SOURCE MATERIAL
[Start of Attachment]

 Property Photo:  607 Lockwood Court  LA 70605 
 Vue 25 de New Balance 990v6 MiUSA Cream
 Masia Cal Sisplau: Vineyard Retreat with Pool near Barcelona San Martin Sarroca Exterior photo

[End of Attachment]
[Start of Attachment]

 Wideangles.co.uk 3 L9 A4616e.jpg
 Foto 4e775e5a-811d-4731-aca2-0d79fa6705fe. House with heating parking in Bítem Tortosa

[End of Attachment]

WORK REQUIRED
What are the lines, exactly as written above, from the line with "607 Lockwood Court" to the line with "Masia Cal Sisplau: Vineyard", both included? Output only those.

ANSWER TO THE EXERCISE
 Property Photo:  607 Lockwood Court  LA 70605 
 Vue 25 de New Balance 990v6 MiUSA Cream
 Masia Cal Sisplau: Vineyard Retreat with Pool near Barcelona San Martin Sarroca Exterior photo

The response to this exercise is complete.